This post originally appeared on the TorProject blog.

Hello, Tor World!

Justin Tracey, Ian Goldberg, and I (Rob Jansen) recently published some work that makes it easier to run Tor network experiments under simulation and helps us do a better job of quantifying confidence in simulation results. This post offers some background and a high-level summary of our scientific publication:

Once is Never Enough: Foundations for Sound Statistical Inference in Tor Network Experimentation
30th USENIX Security Symposium (Sec 2021)
Rob Jansen, Justin Tracey, and Ian Goldberg

The research article, video presentation, and slides are available online, and we’ve also published our research artifacts.

If you don’t want to read the entire post (which provides more background and context), here are the main points that we hope you will take away from our work:

Better Models and Tools:
- Contribution: We improved modeling and simulation tools to produce Tor test networks that are more representative of the live Tor network and that we can simulate faster and at larger scales than were previously possible.
- Outcome: We achieved a significant new milestone: we ran simulations with 6,489 relays and 792k simultaneously active users, the largest known Tor network simulations and the first at a network scale of 100%.
New Statistical Methodologies:
- Contribution: We established a new methodology for employing statistical inference to quantify test network sampling error and make more useful predictions from test networks.
- Outcomes: We find that (1) running multiple simulations in independently sampled Tor test networks is necessary to draw statistically significant conclusions, and (2) larger-scale test networks require fewer repeated trials than smaller-scale test networks to reach the same level of confidence in the results.

More details are below!

Background: Tor Network Experiments

Network experimentation is of vital importance to the Tor Project’s research, development, and deployment processes.
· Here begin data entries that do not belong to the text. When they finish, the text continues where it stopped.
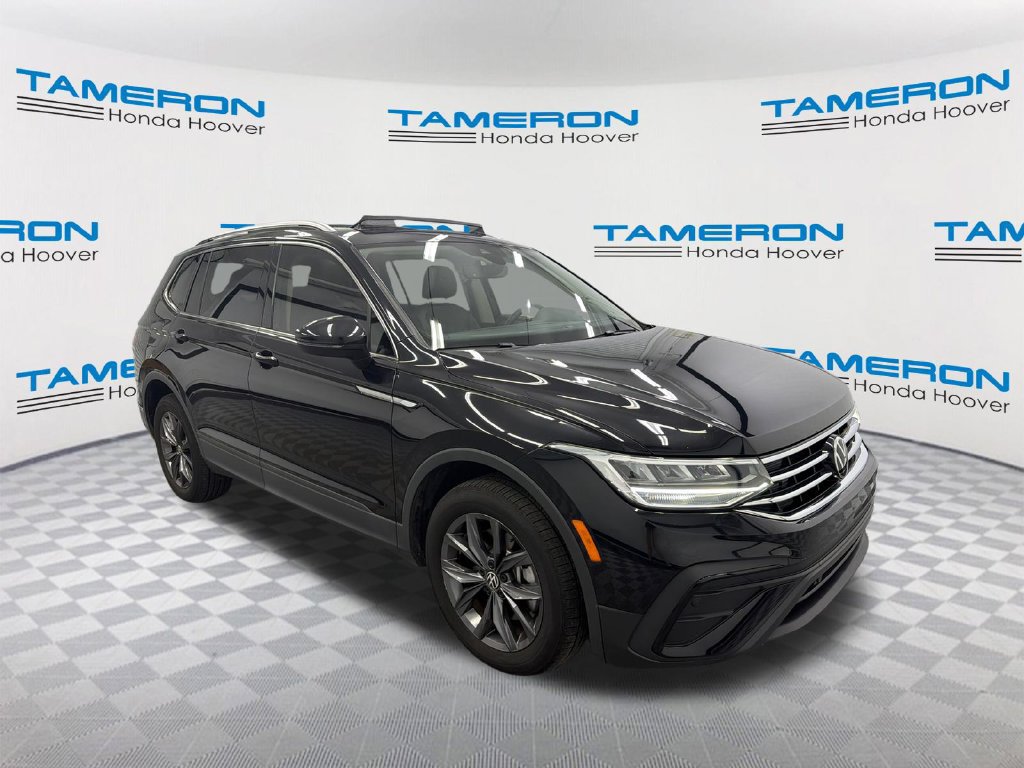 Used 2023 Volkswagen Tiguan SE w/ Panoramic Sunroof Package FWD image 7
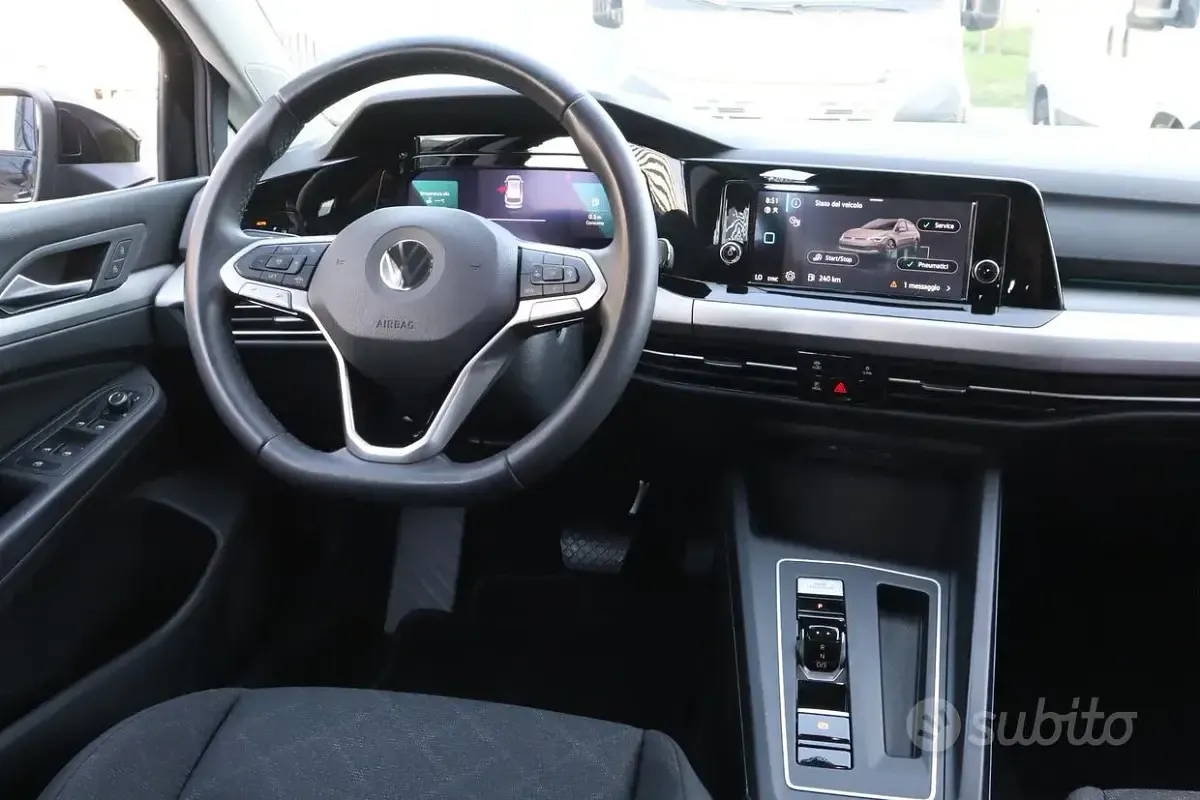 Usata VW Golf VIII 116 CV (85 kW) 2021 Nero Utilitaria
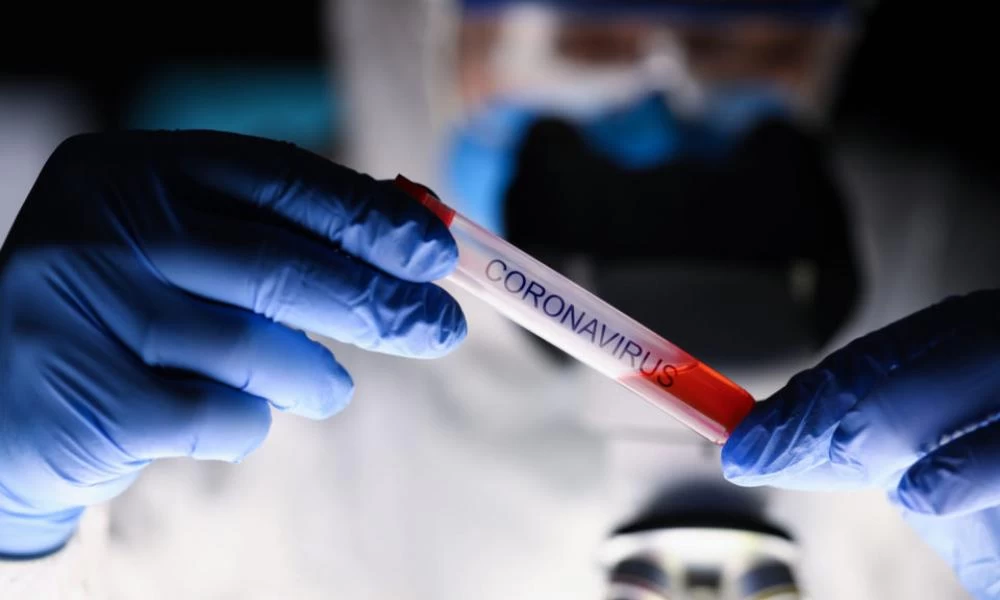 Π.Ο.Υ.: ''Μην περιμένετε εμβόλιο τους επόμενους 12 μήνες'' - Mέχρι τότε εγκλεισμός στα σπίτια;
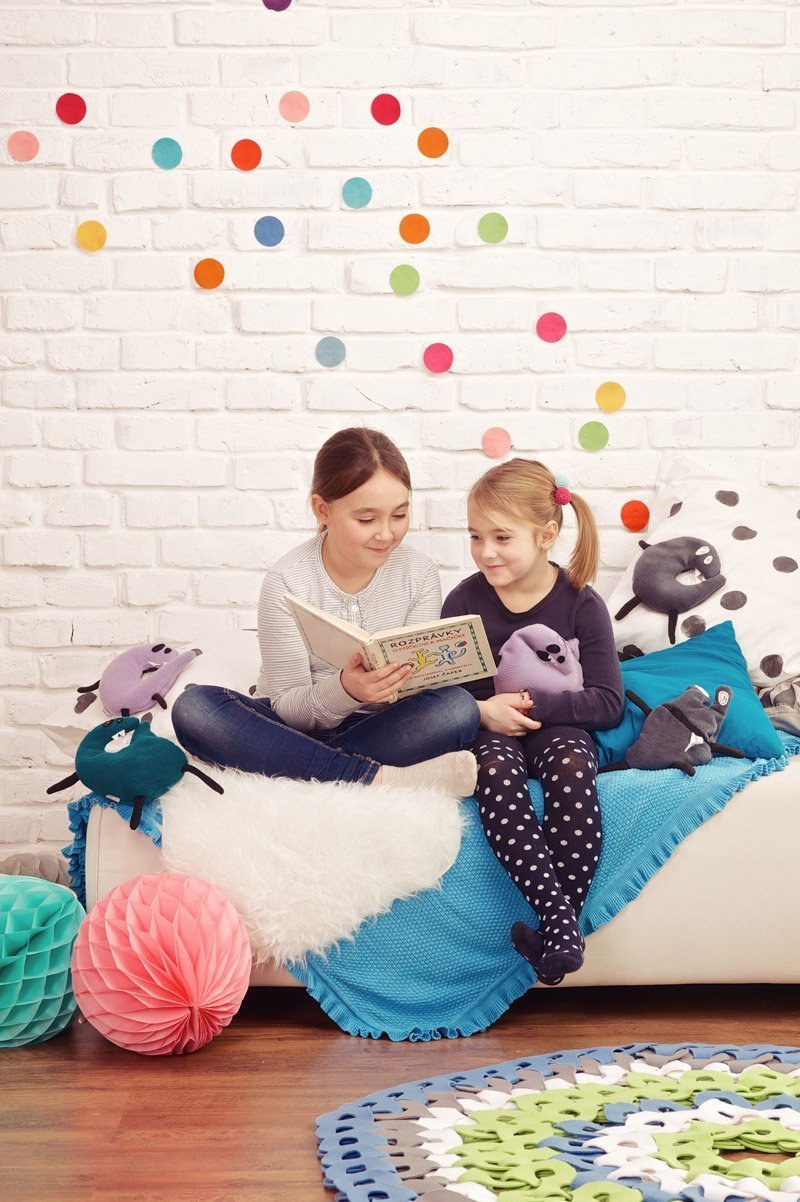 Koberec − vyrobený z plsti, která je na každém kousku ve třech vrstvách − působí teple a příjemně při chůzi naboso nebo při celodenních hrách. Díky originálnímu způsobu skládání, který zvládnou i děti, se přizpůsobí jakémukoli rozměru, tvaru a barevné kombinaci. 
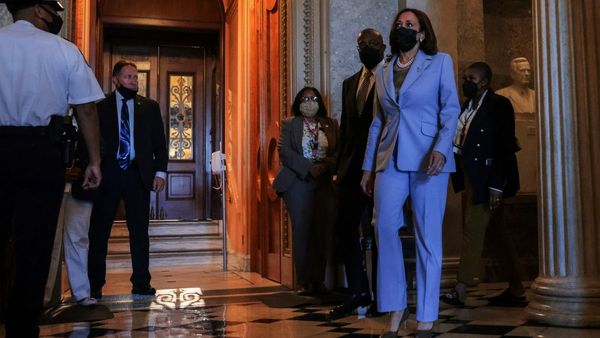 Gigantesco plan de infraestructura de Biden alcanza una etapa clave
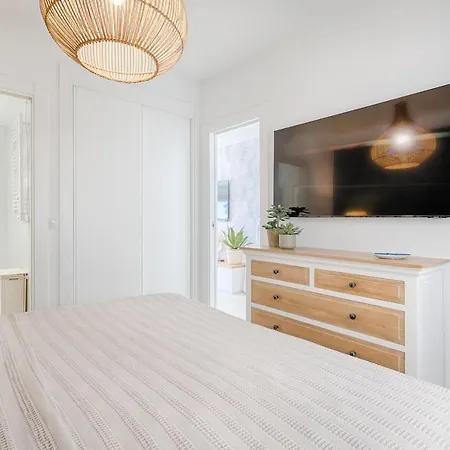 Hanami Avenida De Espana Sea Front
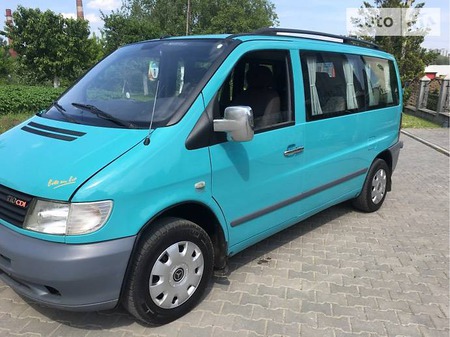 Mercedes-Benz Vito 2003  випуску Чернівці з двигуном 2.2 л дизель мінівен механіка за 6650 долл. 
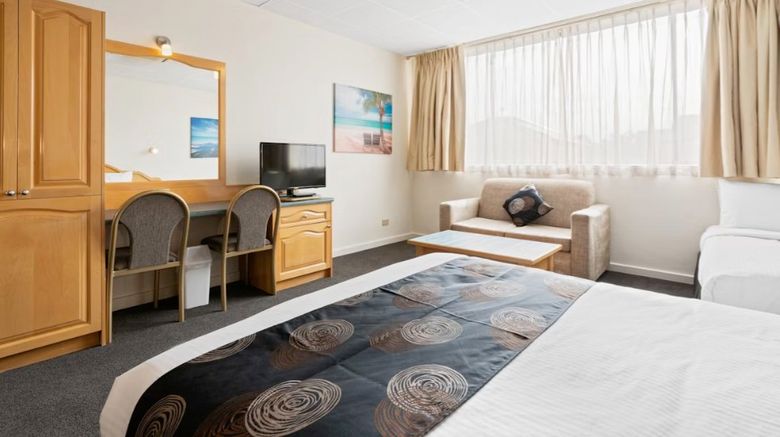 <b>Adelaide International Motel Room</b>. Images powered by <a href="https://www.leonardoworldwide.com/" title="Leonardo Worldwide" target="_blank">Leonardo</a>.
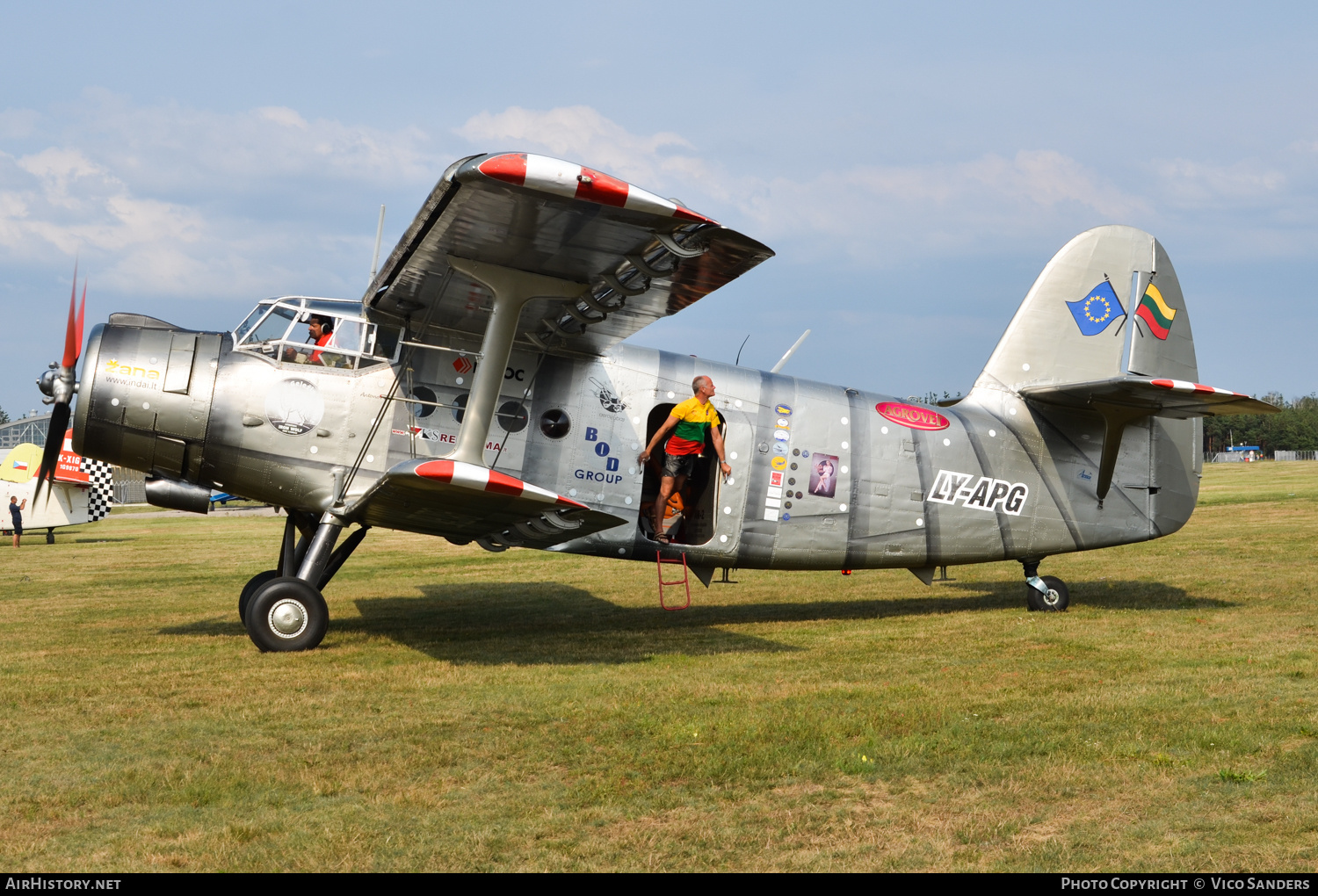 Aircraft Photo of LY-APG | Antonov An-2R | AirHistory.net #702638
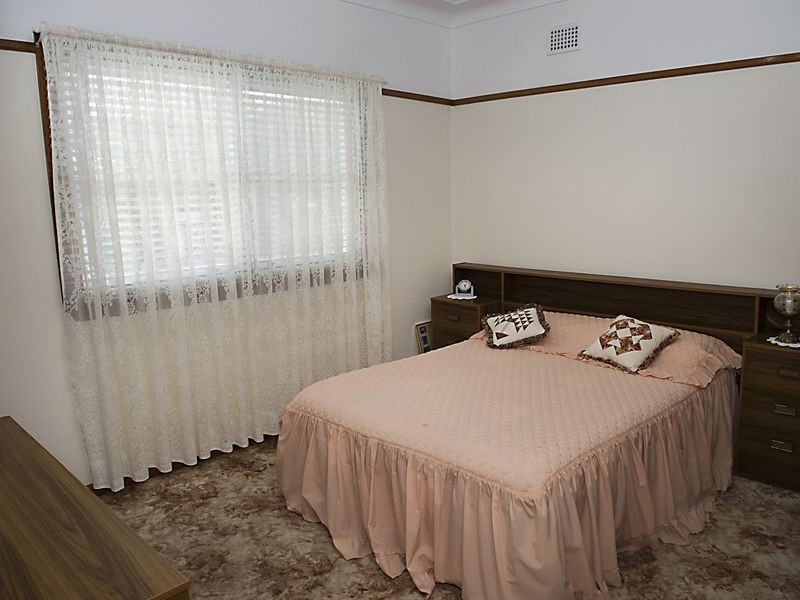 32 Waterside Cres, Carramar NSW 2163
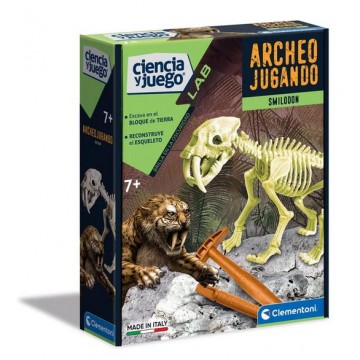 ARQUEOJUGANDO SMILODON...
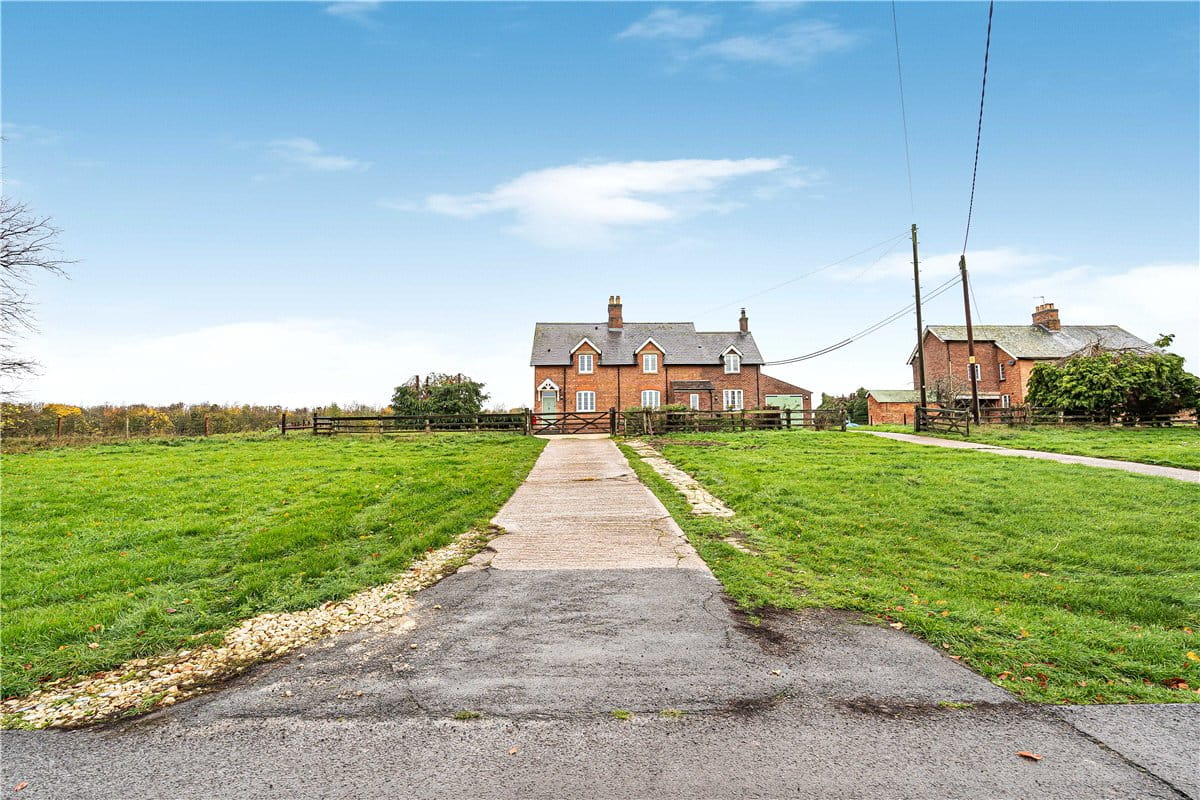 2 bedroom house, Manor Farm Cottages, Ardley Road OX25 - Let Agreed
Experiments help us understand and estimate the viability of new research ideas, to test out newly written code, and to measure the real world effects of new features. Measurements taken during experiments help us gain confidence that Tor is working how we expect it should be.

Experiments are often run directly on the live, public Tor network—the one to which we all connect when we use Tor Browser. Live network experiments are possible when production-ready code is available and deployed through standard Tor software updates, or when code needs to be deployed on only a small number of nodes. Live network experiments allow us to gather, analyze, and assess information that is most relevant the target, real-world network environment. (We maintain a list of ongoing and recent live network experiments from those who notify us.)

However, live network experiments carry additional, sometimes significant risk to the safety and privacy of Tor users and should be avoided whenever possible. As outlined by our Research Safety Board, we should use a private, test Tor network to conduct experiments whenever possible. Test networks such as those that are run in the Shadow network simulator are completely private and segregated from the Internet, providing an environment in which we can run Tor experiments with absolutely no safety or privacy risks. Test networks should be our only choice when evaluating attacks or other experiments that are otherwise unethical to run.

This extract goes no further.